### TASK
Each entry that follows should be retyped in full and exactly.
**** DATA SHOWN ****
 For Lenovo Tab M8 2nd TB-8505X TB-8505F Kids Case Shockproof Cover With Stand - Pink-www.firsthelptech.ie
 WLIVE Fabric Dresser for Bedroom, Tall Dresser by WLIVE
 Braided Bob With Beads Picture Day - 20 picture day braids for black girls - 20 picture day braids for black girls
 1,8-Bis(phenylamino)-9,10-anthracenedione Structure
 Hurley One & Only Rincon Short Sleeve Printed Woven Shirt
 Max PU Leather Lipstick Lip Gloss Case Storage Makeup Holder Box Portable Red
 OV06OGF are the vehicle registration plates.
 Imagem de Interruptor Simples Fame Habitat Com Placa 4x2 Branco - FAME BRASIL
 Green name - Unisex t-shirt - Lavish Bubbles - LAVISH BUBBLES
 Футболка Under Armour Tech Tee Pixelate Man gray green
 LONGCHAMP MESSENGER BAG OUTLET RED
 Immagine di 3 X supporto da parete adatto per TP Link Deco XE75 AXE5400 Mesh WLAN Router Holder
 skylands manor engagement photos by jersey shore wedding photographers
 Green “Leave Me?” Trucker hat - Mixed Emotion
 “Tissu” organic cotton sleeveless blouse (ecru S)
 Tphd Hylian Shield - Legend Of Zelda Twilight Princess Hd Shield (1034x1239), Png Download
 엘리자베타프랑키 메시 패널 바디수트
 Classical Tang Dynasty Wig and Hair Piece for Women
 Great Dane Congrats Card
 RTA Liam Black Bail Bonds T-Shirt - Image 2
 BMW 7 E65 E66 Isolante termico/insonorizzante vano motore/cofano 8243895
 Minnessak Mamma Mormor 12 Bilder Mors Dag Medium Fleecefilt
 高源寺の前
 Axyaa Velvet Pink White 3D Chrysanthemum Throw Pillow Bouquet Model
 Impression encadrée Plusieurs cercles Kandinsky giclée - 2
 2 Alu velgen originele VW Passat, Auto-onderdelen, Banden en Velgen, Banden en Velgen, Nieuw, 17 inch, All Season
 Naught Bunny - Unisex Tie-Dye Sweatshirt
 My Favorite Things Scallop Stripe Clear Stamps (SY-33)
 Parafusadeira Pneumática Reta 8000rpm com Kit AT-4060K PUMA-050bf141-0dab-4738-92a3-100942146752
****
### OUTPUT FOR THIS TASK
 For Lenovo Tab M8 2nd TB-8505X TB-8505F Kids Case Shockproof Cover With Stand - Pink-www.firsthelptech.ie
 WLIVE Fabric Dresser for Bedroom, Tall Dresser by WLIVE
 Braided Bob With Beads Picture Day - 20 picture day braids for black girls - 20 picture day braids for black girls
 1,8-Bis(phenylamino)-9,10-anthracenedione Structure
 Hurley One & Only Rincon Short Sleeve Printed Woven Shirt
 Max PU Leather Lipstick Lip Gloss Case Storage Makeup Holder Box Portable Red
 OV06OGF are the vehicle registration plates.
 Imagem de Interruptor Simples Fame Habitat Com Placa 4x2 Branco - FAME BRASIL
 Green name - Unisex t-shirt - Lavish Bubbles - LAVISH BUBBLES
 Футболка Under Armour Tech Tee Pixelate Man gray green
 LONGCHAMP MESSENGER BAG OUTLET RED
 Immagine di 3 X supporto da parete adatto per TP Link Deco XE75 AXE5400 Mesh WLAN Router Holder
 skylands manor engagement photos by jersey shore wedding photographers
 Green “Leave Me?” Trucker hat - Mixed Emotion
 “Tissu” organic cotton sleeveless blouse (ecru S)
 Tphd Hylian Shield - Legend Of Zelda Twilight Princess Hd Shield (1034x1239), Png Download
 엘리자베타프랑키 메시 패널 바디수트
 Classical Tang Dynasty Wig and Hair Piece for Women
 Great Dane Congrats Card
 RTA Liam Black Bail Bonds T-Shirt - Image 2
 BMW 7 E65 E66 Isolante termico/insonorizzante vano motore/cofano 8243895
 Minnessak Mamma Mormor 12 Bilder Mors Dag Medium Fleecefilt
 高源寺の前
 Axyaa Velvet Pink White 3D Chrysanthemum Throw Pillow Bouquet Model
 Impression encadrée Plusieurs cercles Kandinsky giclée - 2
 2 Alu velgen originele VW Passat, Auto-onderdelen, Banden en Velgen, Banden en Velgen, Nieuw, 17 inch, All Season
 Naught Bunny - Unisex Tie-Dye Sweatshirt
 My Favorite Things Scallop Stripe Clear Stamps (SY-33)
 Parafusadeira Pneumática Reta 8000rpm com Kit AT-4060K PUMA-050bf141-0dab-4738-92a3-100942146752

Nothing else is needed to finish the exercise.